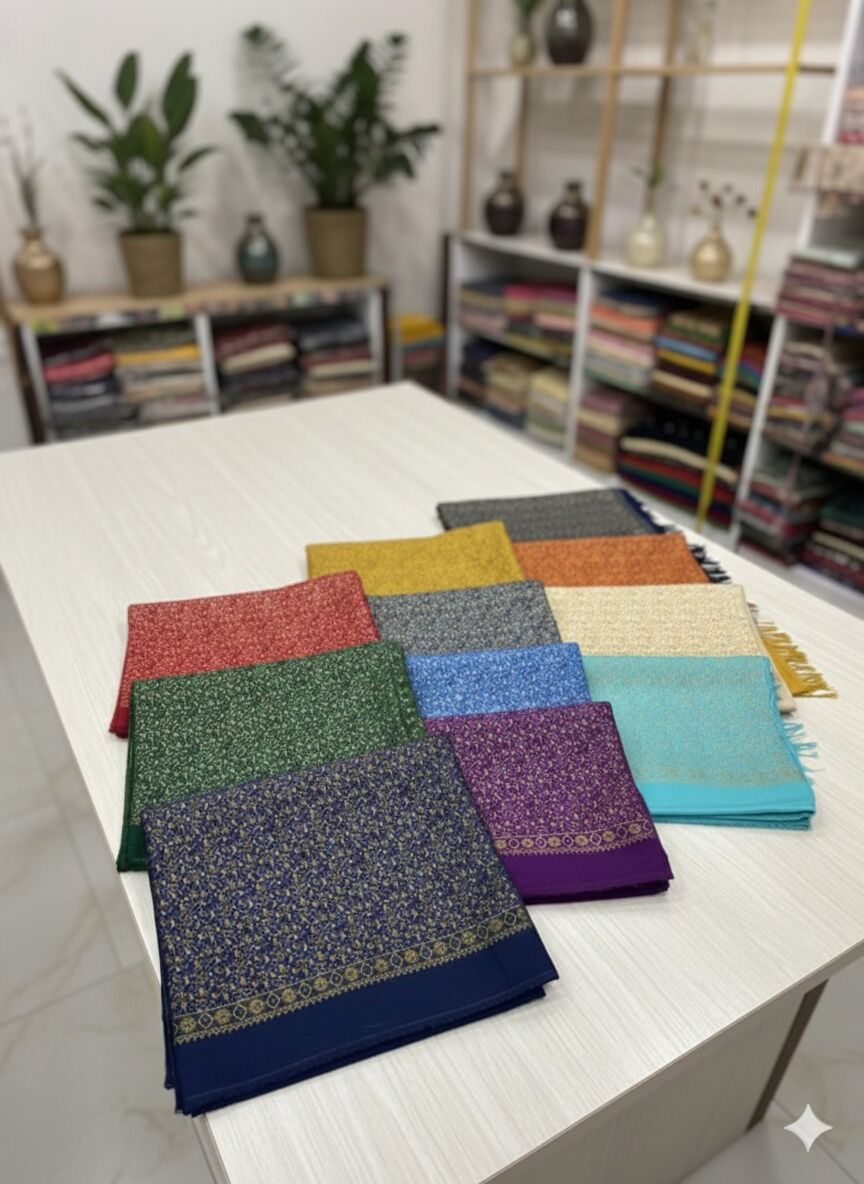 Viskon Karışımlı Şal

--

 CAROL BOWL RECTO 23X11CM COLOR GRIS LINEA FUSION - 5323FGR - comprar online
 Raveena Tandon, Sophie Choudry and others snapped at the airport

→ WHAT TO DO
The exact lines of the material above starting at the one that contains "CAROL BOWL RECTO" and ending at the one that contains "Raveena Tandon, Sophie" are what to retype; leave out everything else.

→ ANSWER SPACE
 CAROL BOWL RECTO 23X11CM COLOR GRIS LINEA FUSION - 5323FGR - comprar online
 Raveena Tandon, Sophie Choudry and others snapped at the airport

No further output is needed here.